Matrix multiplication:

$\begin{bmatrix} a_{11} \ \ a_{12} \\ a_{21} \ \ a_{22} \\ \end{bmatrix} \begin{bmatrix} b_{11} \ \ b_{12} \\ b_{21} \ \ b_{22} \\ \end{bmatrix} = \begin{bmatrix} a_{11}b_{11} + a_{12}b_{21} \ \ \ a_{11}b_{12} + a_{12}b_{22}\\ a_{21}b_{11} + a_{22}b_{21} \ \ \ a_{21}b_{12} + a_{22}b_{22}\\ \end{bmatrix}$

# 2. What’s available for NumPy arrays?

So, there are multiple options you can use to perform dot product or matrix multiplication:

1. basic element-wise multiplication: * or np.multiply along with np.sum
2. dot product: np.dot
3. matrix multiplication: np.matmul, @

We will go through different scenarios depending on the dimensions of vectors/matrices and understand the pros and cons of each method. To run the code in the following sections, We first need to import numpy.

import numpy as np


## (1) element-wise multiplication: * and sum

First, we can try the fundamental approach using element-wise multiplication based on the definition of dot product: multiply corresponding elements in two vectors and then sum all the output values. The downside of this approach is that you need separate operations for product and sum and it is slower than other methods we will discuss later.

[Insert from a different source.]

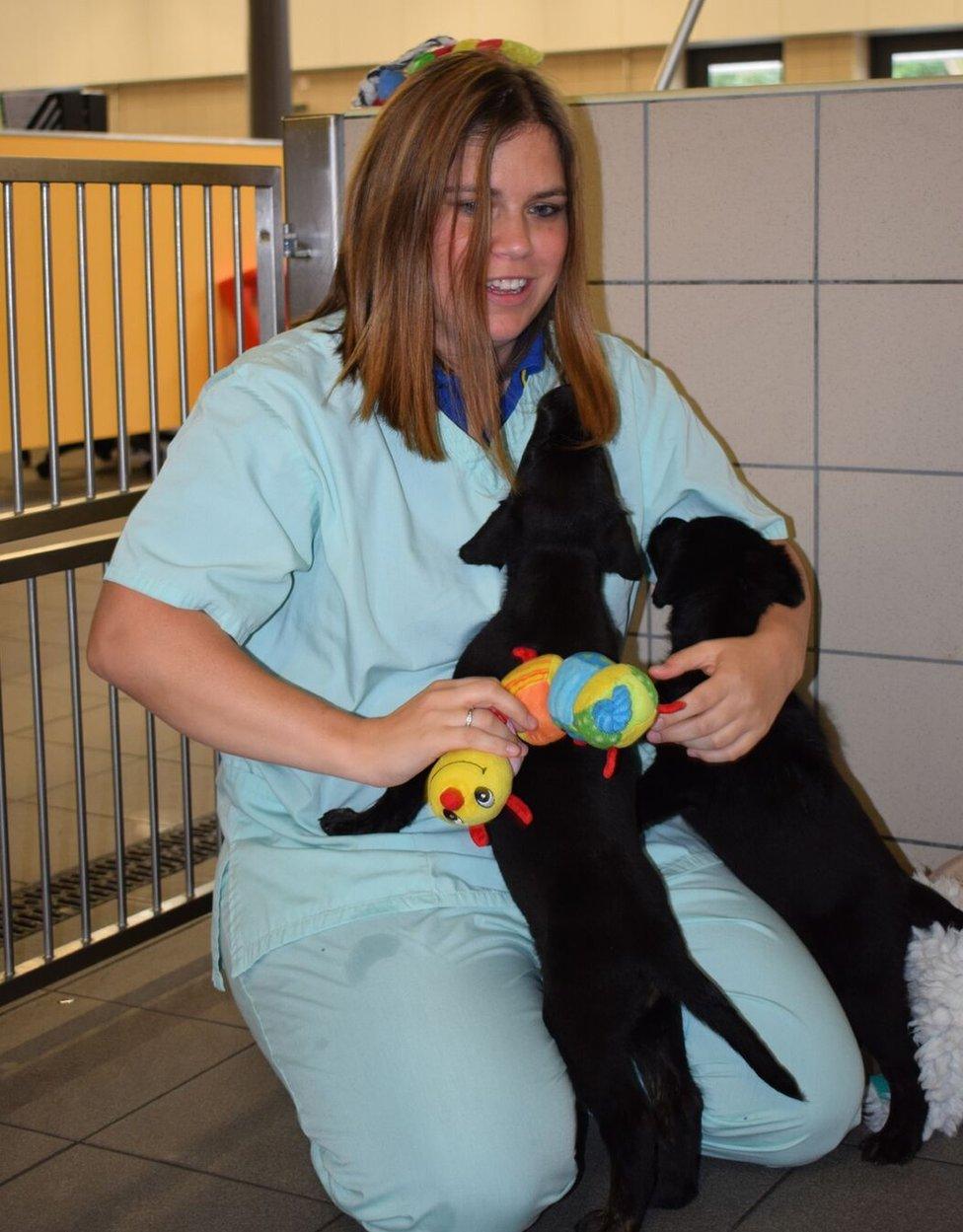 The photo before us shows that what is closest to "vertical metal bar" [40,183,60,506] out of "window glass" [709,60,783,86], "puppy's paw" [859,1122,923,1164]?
"puppy's paw" [859,1122,923,1164]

Here is an example of dot product with two 1D arrays.

a = np.array([1, 2, 3])
b = np.array([4, 5, 6])

>>> a*b
array([ 4, 10, 18])

>>> sum(a*b)
32


Can we use the same * and sum operation for matrix multiplication? Let’s check out.

c = np.array([[1, 2, 3], [4, 5, 6]])
d = np.array([1, 1, 1])

>>> c*d
array([[1, 2, 3],
[4, 5, 6]])

>>> sum(c*d)
array([5, 7, 9])


Wait, it looks different from what we would get from our own calculation below!

$\begin{bmatrix} 1 & 2 & 3 \\ 4 & 5 & 6 \end{bmatrix} \begin{bmatrix} 1 \\ 1 \\ 1 \\ \end{bmatrix} = \begin{bmatrix} 1 \times 1 + 2 \times 1 + 3 \times 1 \\ 4 \times 1 + 5 \times 1 + 6 \times 1 \end{bmatrix} =\begin{bmatrix} 6 \\ 15 \end{bmatrix}$

So, it turns out that we need to be careful when we apply sum after * operation.

Let’s look at it step by step. Here is what happened at c*d. Each row of 2D array $c$ is considered as an element of the matrix and it is paired with the second array $d$ for element-wise multiplication.

$\begin{bmatrix} [1 & 2 & 3] * [1 & 1 & 1] \\ [4 & 5 & 6] * [1 & 1 & 1] \end{bmatrix} = \begin{bmatrix} [1 \times 1 & 2 \times 1 & 3 \times 1] \\ [4 \times 1 & 5 \times 1 & 6 \times 1] \end{bmatrix} =\begin{bmatrix} 1 \ 2 \ 3 \\ 4 \ 5 \ 6 \end{bmatrix}$

And then, when we apply sum, the Python’s default sum function takes all the element in a NumPy array at once, which became $1+2+ .. .+ 5+6 = 21$. But what we want is to sum only elements in each row. So we need to find an alternative to sum.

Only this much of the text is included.